Most people have the top QBs in this Draft (excluding Weeden) as Andrew Luck, Robert Griffin, Ryan Tannehill, Landry Jones and Nick Foles. Brandon Weeden has now faced all five of them, BEATEN all five of them AND OUT-PRODUCED all five of them in each of the games played.
I'm sorry but that counts for something because when you get right down to it there's a strong correlation between passing efficiency differential (offense minus defense), and winning football games. The goal of getting a really good QB is aimed specifically at that, the fact that if you pass better than the other guy during a game, you probably win. They don't just hand Super Bowl trophies to whoever is the best QB, and even though Tom Brady is considered better than a Phil Rivers you shouldn't be all that surprised when a Phil Rivers out-produces a Tom Brady and wins the game because Phil Rivers is that caliber a passer, and that's what you're looking for.
Well, no matter how much you notch up the competition in this Draft, Brandon Weeden has out-dueled that guy and beat him. That's what you're looking for, a guy that can do that on Sunday. Would I take Andrew Luck? Absolutely. I've been an Andrew Luck guy for approximately 26 months. But the chances are PRET-TY slim on that.
People talk about Weeden under pressure and in the pocket, his feet, etc. I don't get the criticism. It's what I like about him best. Or near as much. I also really love the confidence and aggression in his arm, and of course the accuracy and quality of the ball at all distances is second to maybe one. But under pressure he's extremely fluid in the pocket, always shuffling his feet. He doesn't try to hit homeruns with his scrambling ability. He tries to hit a lot of singles.
There was a perfect example and it happened to be on the one sack he took during the game. Stanford ran a disguised front where they had a lot of guys standing up and moving around just before the snap, then sent A gap pressure up the middle. A blitzer came right through the right side A gap barely touched. Weeden NEVER took his eyes off the field, and yet somehow he sensed that guy coming through and stepped one step to his left side, eyes still on the field, putting his tailback blocker directly in between Weeden and the blitzer. That was unbelievable in how natural and EFFECTIVE it was. I say effective because Weeden wasn't trying to hit a homerun with his scrambling ability, doing some ridiculous bit of scrambling out of the pocket, buying 3 to 5 more seconds and trying to unleash something deep.

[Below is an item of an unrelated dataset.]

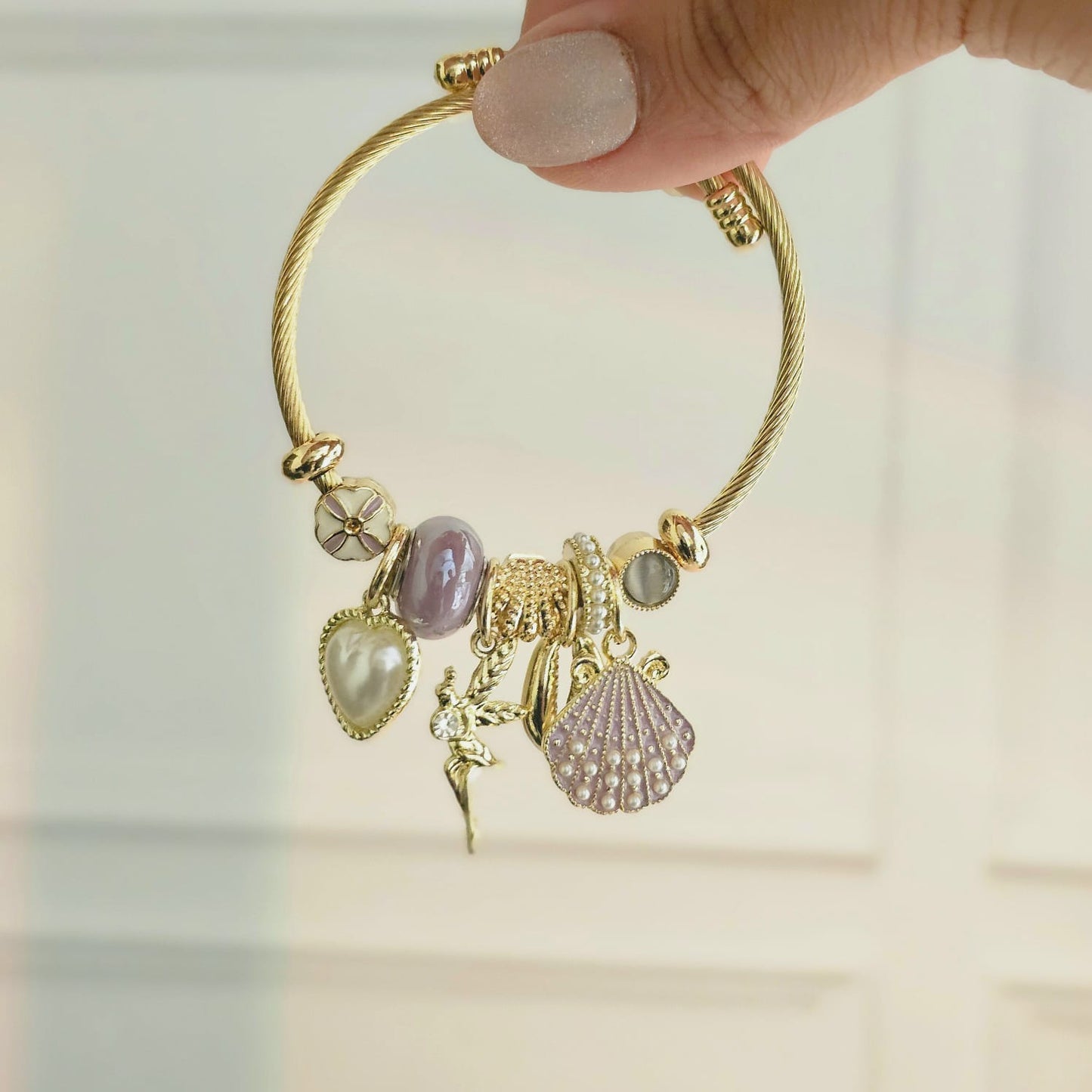 Shell Pearl Pandora Charm Bracelet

All he wanted to buy was 1 more second because that's all he felt he needed to get the ball out to the man he wanted.
Now, as it happens, on the play, the man he wanted ended up tightly covered and re-routed, and so Weeden had to pull down the ball and take a sack. But what's remarkable about the play is, here you've got this disguised blitz, disguised front, A gap blitzers and a guy coming right through the A gap untouched...and the resulting sack was a COVERAGE SACK. That's right, it was a COVERAGE SACK...because Weeden made the subtlest little move that bought him all the time he would have needed to throw that ball if his receiver hadn't been so thoroughly blasted by the coverage.
Do you know how Marino-esque that is?
And color me confused with all this continued criticism that if you get Weeden to move his feet he can't throw. That's some straight horse poopey. Does he lose the edge on his ridiculous accuracy/ball placement at all distances when he's moving around? Absolutely. Does just about every single quarterback not named Aaron Rodgers also lose the edge on their accuracy/ball placement when forced to move around? You're damn right.
What I notice about Weeden when he's moving around is he's a heck of a lot better athlete than people give him credit for. Look at that TD run. That was no easy run. He had to break tackles and run like a Wildcat QB, like he's Tim Tebow or something...but he still willed it in. I think what he lacks in this department is just REPS. I think if you got him into an offense where you asked him to do this more, he'd get better and better with it and then before you know it, who knows maybe you DO have an Aaron Rodgers on your hands as far as not losing accuracy/ball placement on the run.